With only these 3 methods implemented, by inheritance subclasses get run() method that will take care of reading the trajectory, storing the results, logging, etc.

The main goal was to re-write AnalysisBase.run() so that it can run in parallel on multiple processes, but make these changes invisible from the subclasses, i.e. not re-write any of their code.

What I did

Altogether, the AnalysisBase.run() has changed by addition of the following methods:

  • _setup_computation_groups(): split frames into multiple parts for separate analysis
  • _compute(): run _single_frame on a list of frames, but without running _conclude
  • _get_aggregator(): get an object to aggregate the run results with, making them compatible with subsequent _conclude
  • class property available_backends(): get list of str values that describe available backends for a given subclass

I’ve also added ParallelExecutor and ResultsGroup classes that abstract away parallel execution and results aggregation, respectively. And finally, I added multiprocessing and dask backends that reportedly speed up the analysis!

The current state

Currently, changes to the AnalysisBase are almost finalized. One thing that holds it back is some CI/CD issues causing tests to timeout, but all AnalysisBase-related tests run both locally and on CI/CD system.

What’s left to do

An optional thing suggested within my proposal was to actually add parallelization to the subclasses, and update tests accordingly. It turned out to be a tedious task, but finally the mechanism is finalized and described in MDAnalysisTests/analysis/conftest.py, generating appropriate fixtures for testing subclasses with all supported (for the subclass) and installed (in the environment) backends.

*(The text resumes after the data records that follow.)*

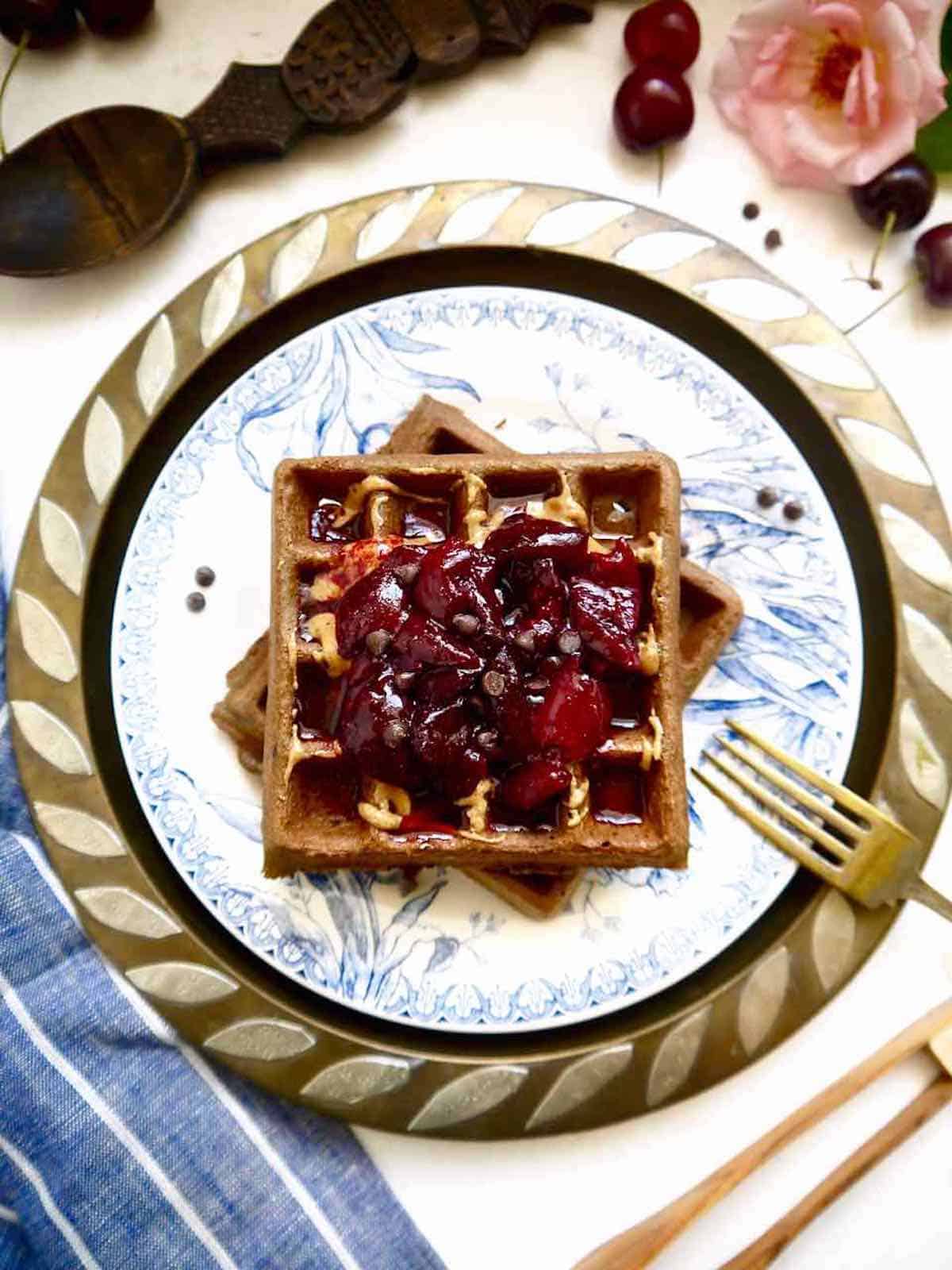 Gluten free chocolate waffles with cherry compote on top.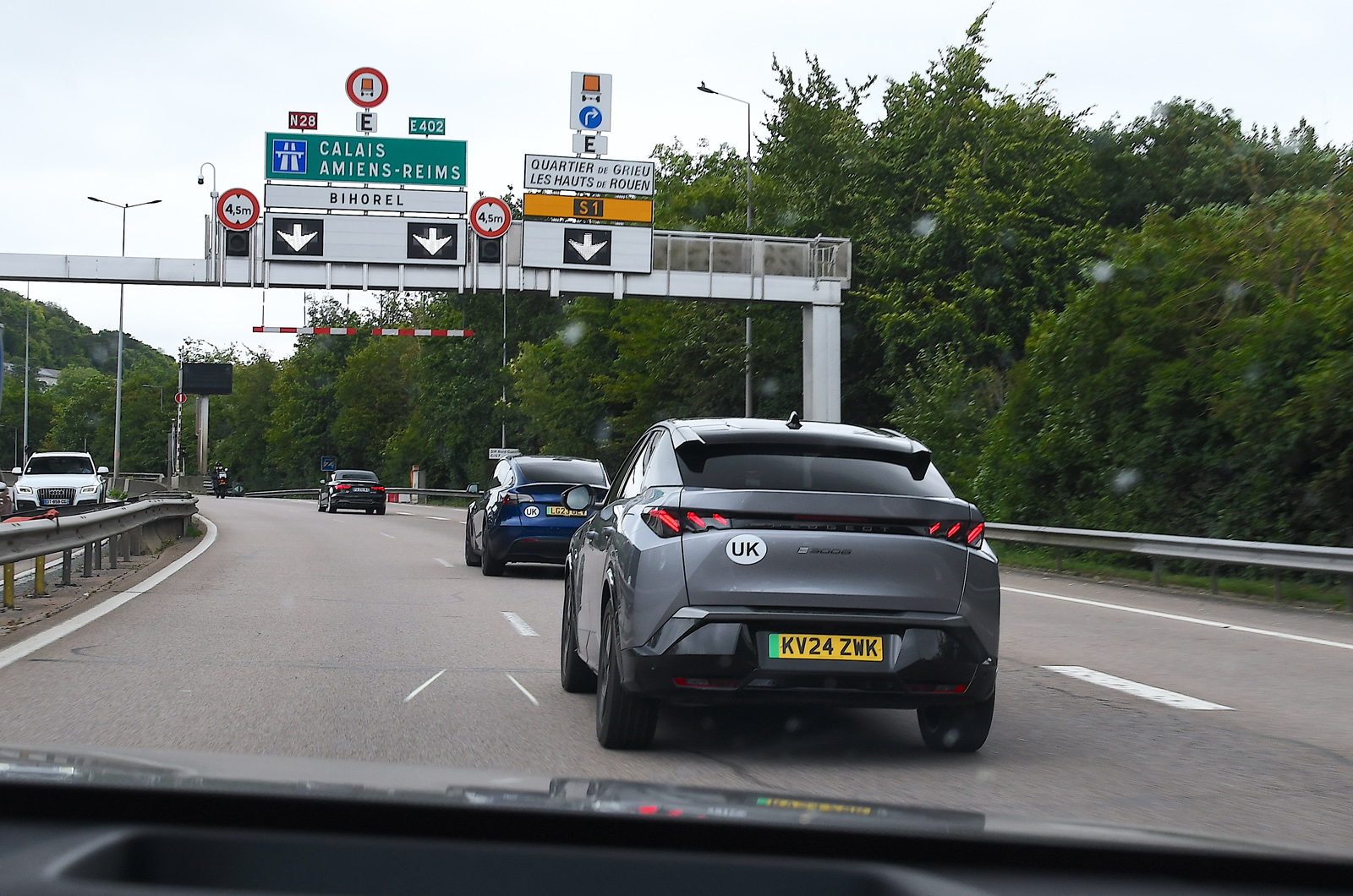 Peugeot e-3008 following Tesla Model Y on autoroute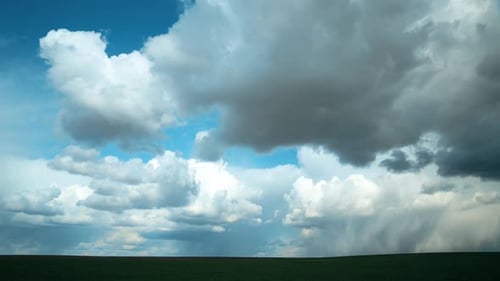 Dramatic Sky Before Rain With Rain Clouds On Horizon Above Rural Landscape Field Meadow
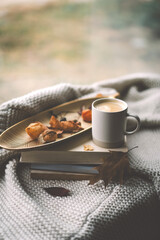 A warm cup of coffee sits atop a golden tray adorned with dried leaves, resting on a stack of books, with a cozy blanket draping nearby.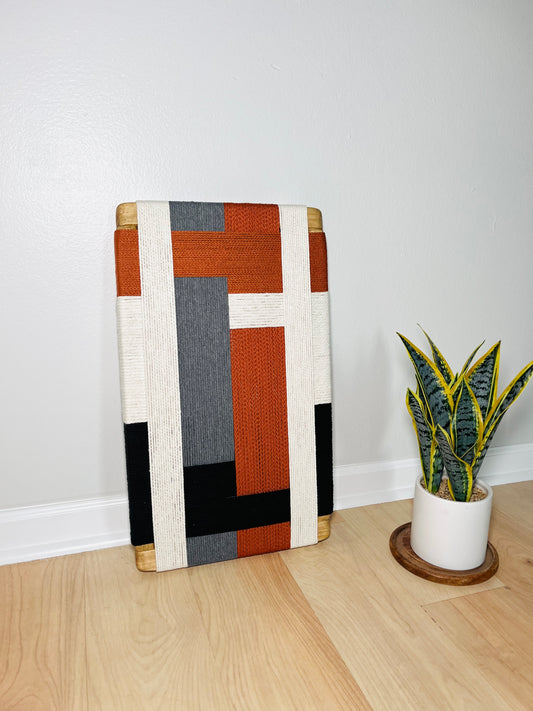 a wooden floor with a colorful woven piece of art, a potted plant, and a white vase on a wooden stand.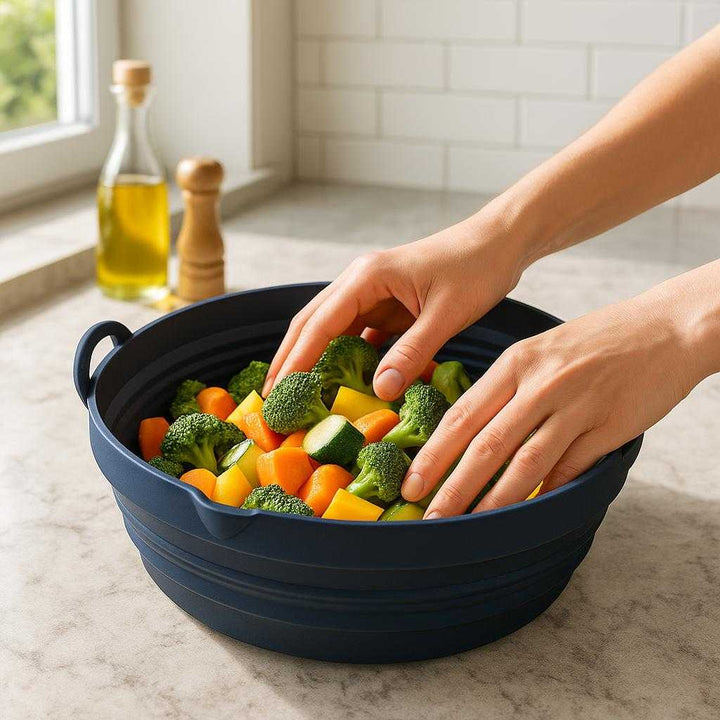 Sammenklappelig Airfryer Silikoneform Rund - Professionel Fleksibel Opbevaring til Sund Madlavning: A realistic modern kitchen setting where the collapsible airfryer silicone mold is properly grounded on a marble countertop, being actively used by hands to prepare healthy vegetables.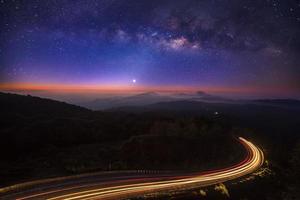 galáxia da via láctea com iluminação na estrada em doi inthanon chiang mai, tailândia. fotografia de longa exposição. com grão foto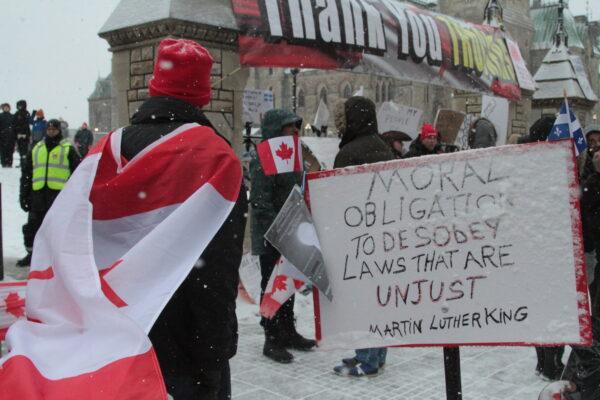 Protesters on Wellington St near Parliament Hill in Ottawa on Feb. 12, 2022. (Richard Moore/The Epoch Times)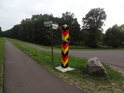 Rozcestník u obce Brieskow-Finkenheerd se sloupkem v německých barvách.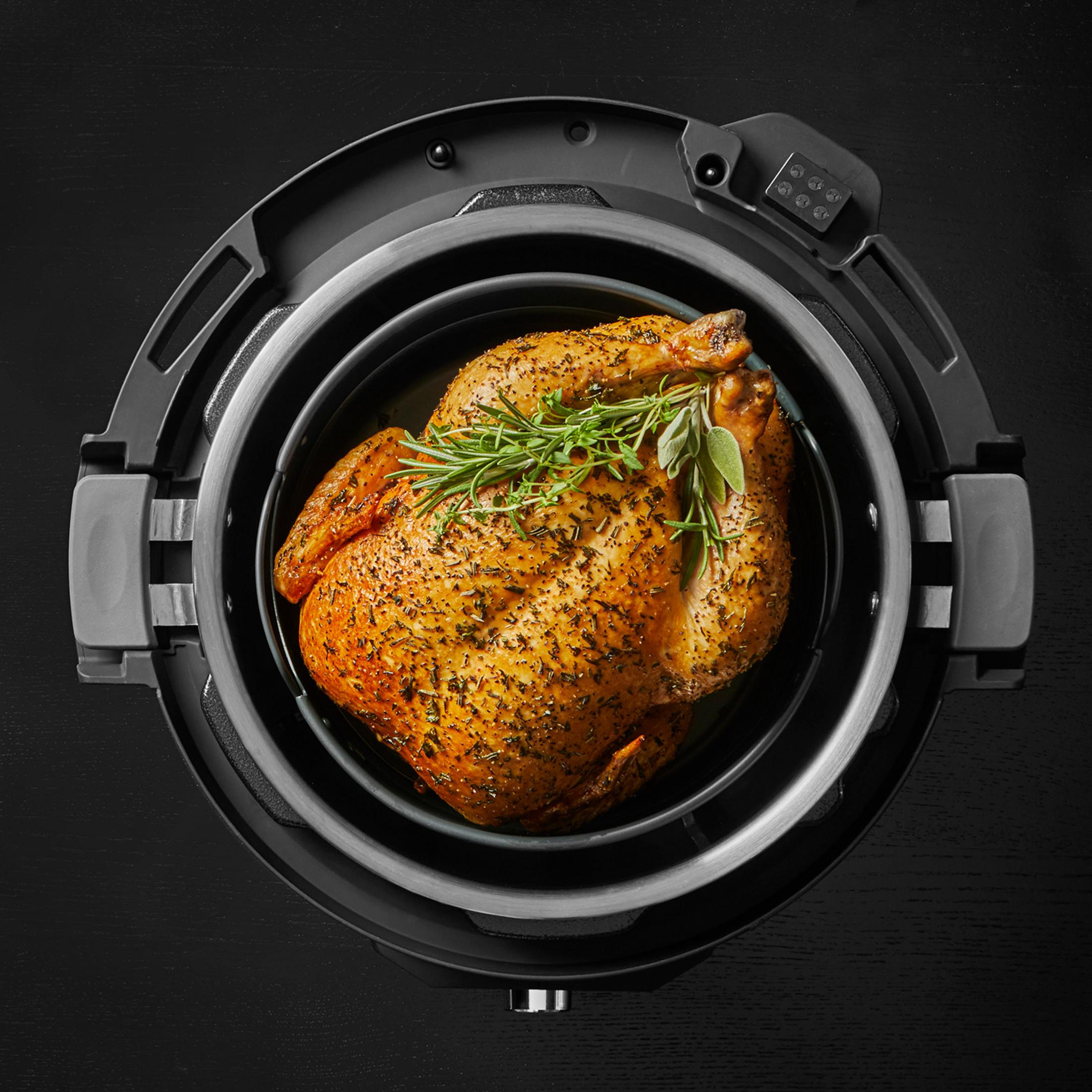 Een goudbruine gebraden kip met kruiden in een zwarte airfryer op een donkere achtergrond.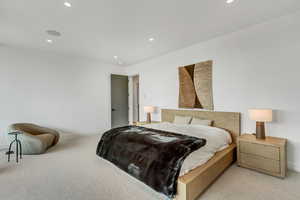 Carpeted bedroom featuring recessed lighting and baseboards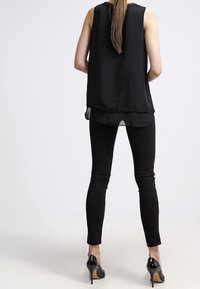 Top nero senza maniche con un orlo inferiore trasparente abbinato a leggings neri aderenti e scarpe col tacco nere, visto da dietro.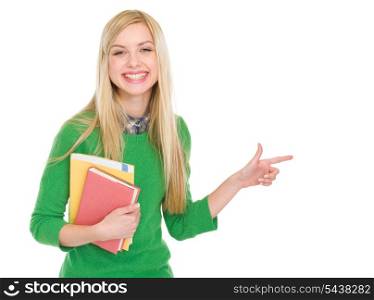 Smiling student girl with books pointing on copy space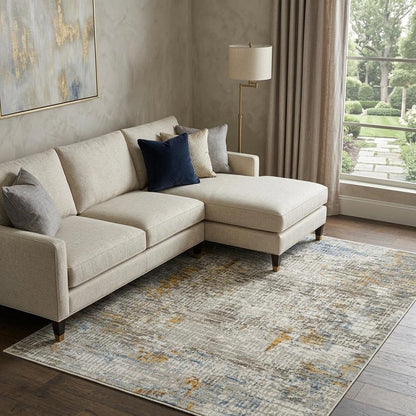 10' X 13' Beige Grey Brown Gold Red And Blue Abstract Power Loom Stain Resistant Area Rug With Fringe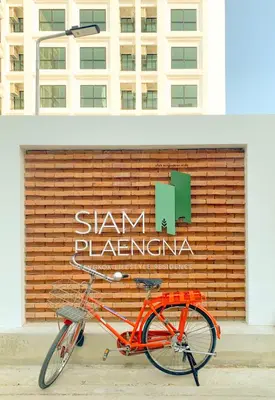 an orange bike parked in front of a building at Siamplaengna Residence in Bangkok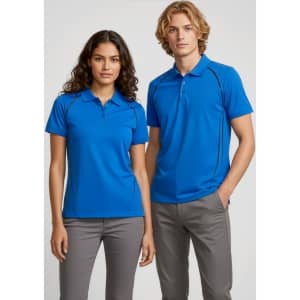 A blue short sleeve polo shirt for men, featuring a logo, styled with grey pants.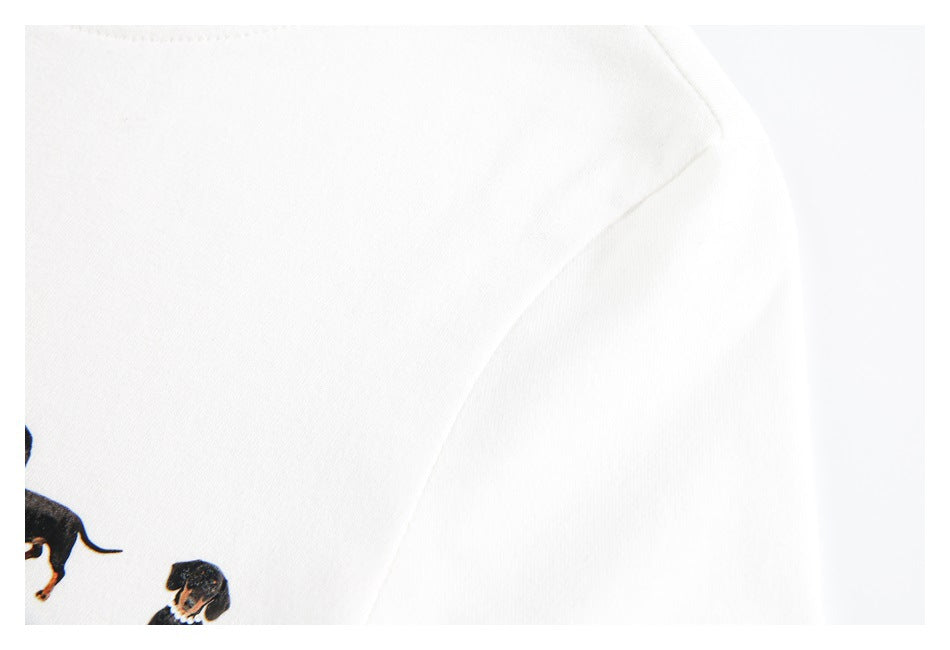 Close-up of the white T-shirt's shoulder seam, with part of the dachshund print visible at the edge.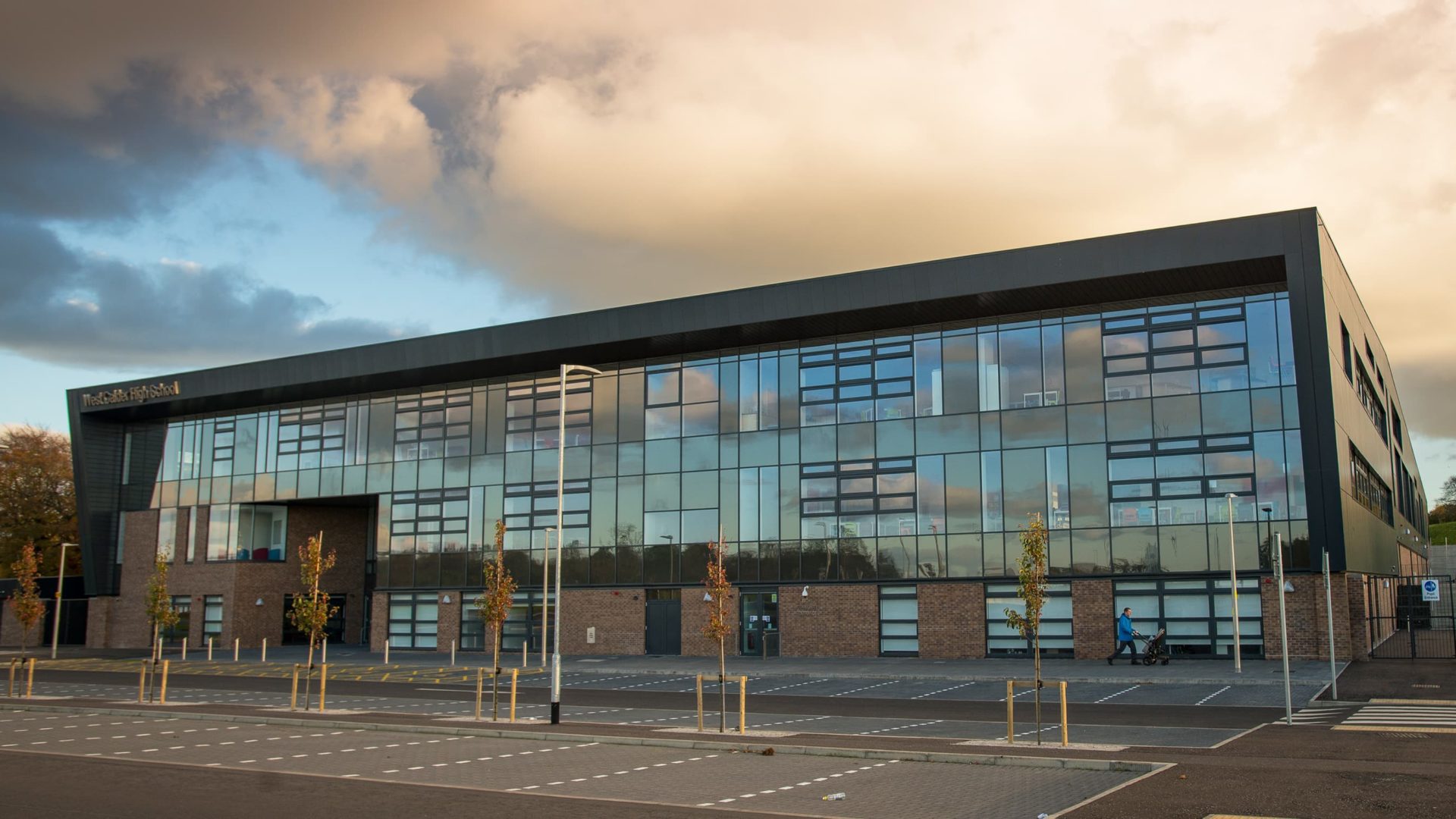 exterior of west calder high school at dawn. brick building with large windows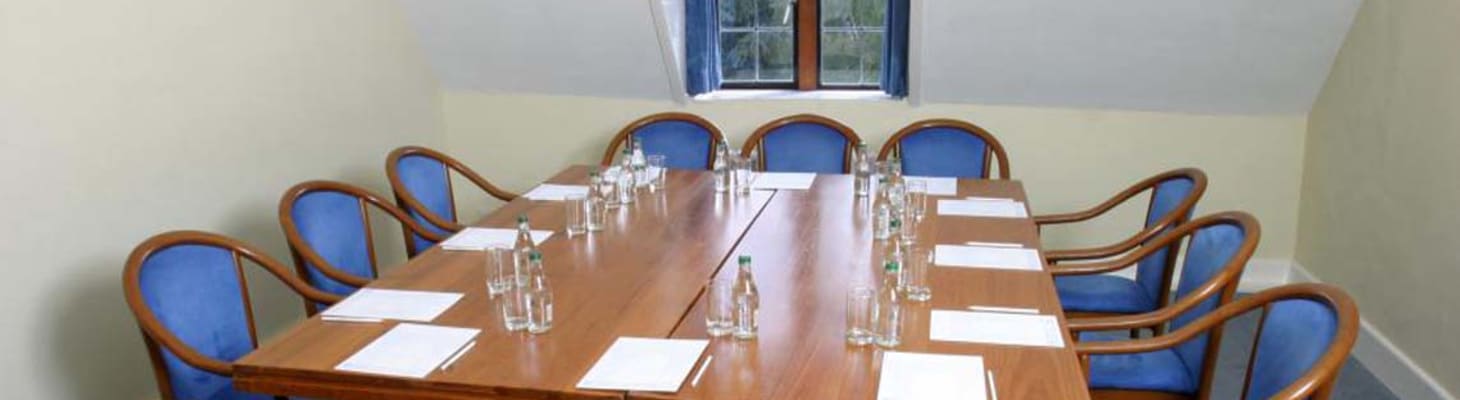 Small syndicate room with natural daylight and pale walls. Large wooden boardroom table with blue chairs, perfect for smaller meetings, interviews or as a break-out area.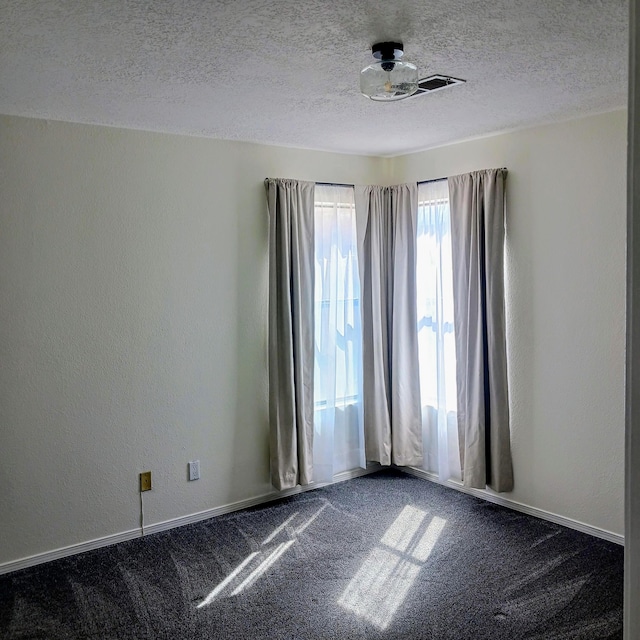 spare room with baseboards, a textured ceiling, dark carpet, and a textured wall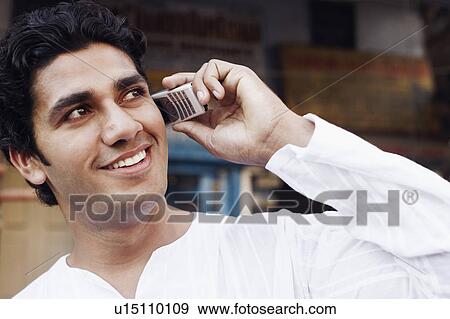 Stock Photo - Close-up of a young man talking on a mobile phone. Fotosearch
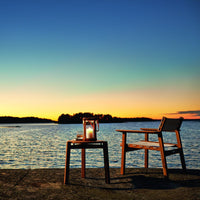 Wooden chairs in warm brown tones against a colorful sunset backdrop with vibrant orange, blue, and purple hues.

Since it is a big change for the library, essentially changing the API for the “analysis” part of the MDAnalysis, it requires a lot of time to merge into the develop branch, and wasn’t merged within the GSoC timeframe. But the feature is expected by version 3.0 in the core library 🚀

What code got merged (or not) upstream

The main changes are summarized in the main pull-request of the project. They mostly involve changes to package/analysis/base.py, as well as installation and CI/CD configuration files. Also, there are example changes in package/analysis/rms.py introducing parallelization into RMSD and RMSF subclasses, showcasing the changes to be made in order to add parallelization to a certain class.

How can you use it?

Let’s imagine we’ve just learned that MDAnalysis now supports parallelization, and want to calculate RMSD of our large trajectory faster using multiple cores on our machine. Imagine we have a 16-core CPU Linux workstation with an SSD drive and a 1 us trajectory of lysozyme in water. Like this:

import MDAnalysis as mda
from MDAnalysis.analysis import rms

prefix = "./large_data/"
traj, top = f"{prefix}/md_0_1.xtc", f"{prefix}/md_0_1.gro"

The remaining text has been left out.